> TASK STATEMENT
With pictures omitted, the line containing "Die Legenden von" and all later lines of the records below are to be restated word for word.

> RAW DATA
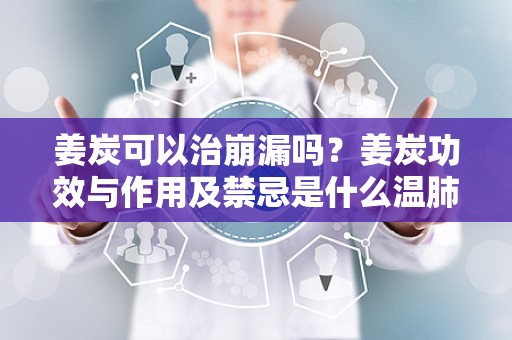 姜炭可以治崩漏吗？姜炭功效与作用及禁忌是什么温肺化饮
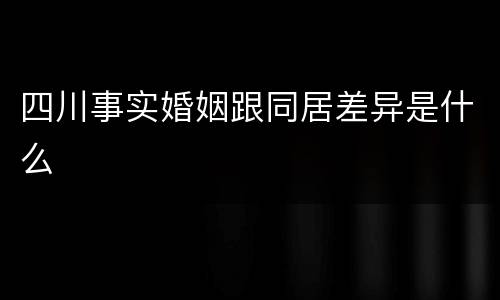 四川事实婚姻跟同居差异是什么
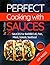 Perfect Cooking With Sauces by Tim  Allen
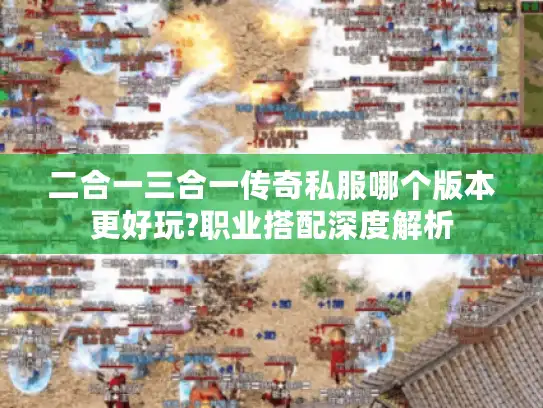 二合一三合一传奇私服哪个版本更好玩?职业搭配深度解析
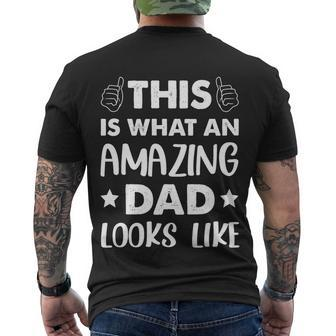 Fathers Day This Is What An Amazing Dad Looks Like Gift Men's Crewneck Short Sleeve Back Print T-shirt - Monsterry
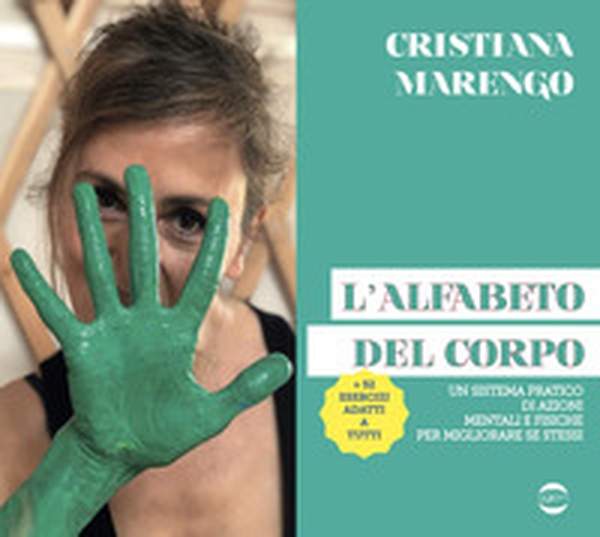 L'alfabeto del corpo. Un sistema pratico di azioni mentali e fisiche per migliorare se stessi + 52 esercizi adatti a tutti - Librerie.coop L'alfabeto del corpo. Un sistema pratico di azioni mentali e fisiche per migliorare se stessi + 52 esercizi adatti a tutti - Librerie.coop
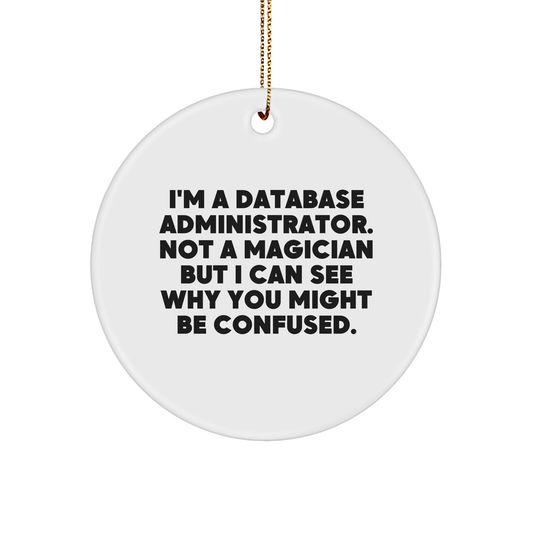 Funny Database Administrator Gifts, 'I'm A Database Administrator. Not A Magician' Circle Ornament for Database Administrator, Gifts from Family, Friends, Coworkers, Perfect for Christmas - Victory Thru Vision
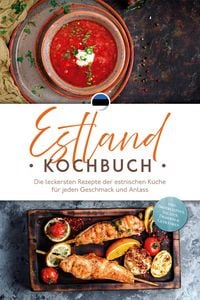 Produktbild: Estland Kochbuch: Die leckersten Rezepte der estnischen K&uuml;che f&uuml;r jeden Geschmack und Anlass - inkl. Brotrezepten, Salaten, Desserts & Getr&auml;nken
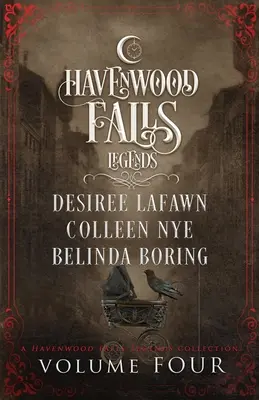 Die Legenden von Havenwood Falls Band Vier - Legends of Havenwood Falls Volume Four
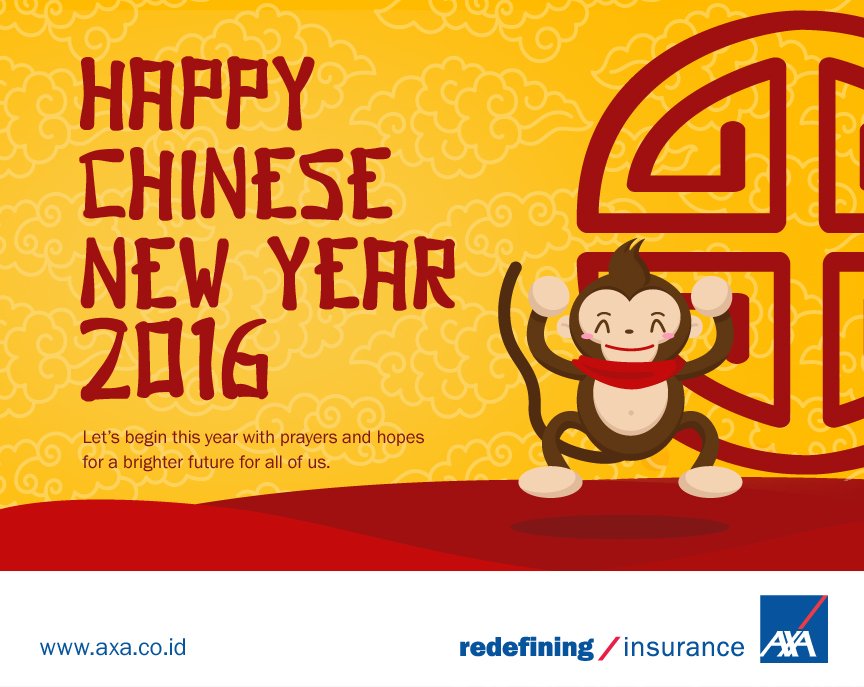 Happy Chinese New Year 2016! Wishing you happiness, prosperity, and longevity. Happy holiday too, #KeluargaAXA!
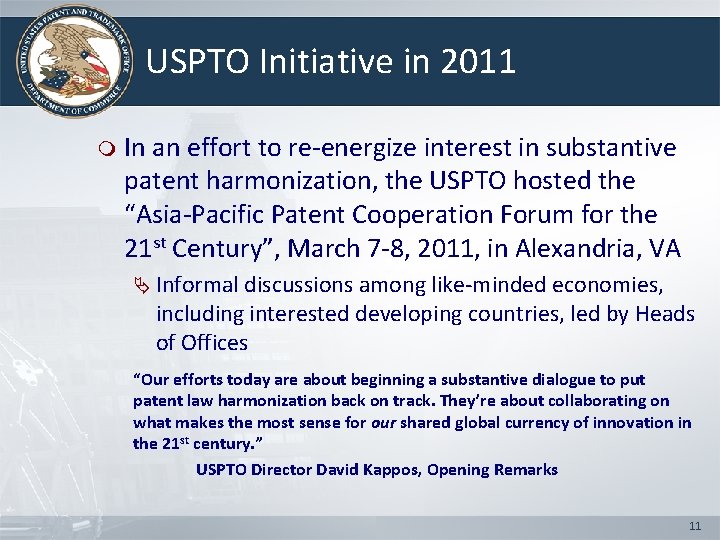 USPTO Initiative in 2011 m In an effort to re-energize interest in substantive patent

> RESULT OF THE TASK
 Die Legenden von Havenwood Falls Band Vier - Legends of Havenwood Falls Volume Four
 Happy Chinese New Year 2016! Wishing you happiness, prosperity, and longevity. Happy holiday too, #KeluargaAXA!
 USPTO Initiative in 2011 m In an effort to re-energize interest in substantive patent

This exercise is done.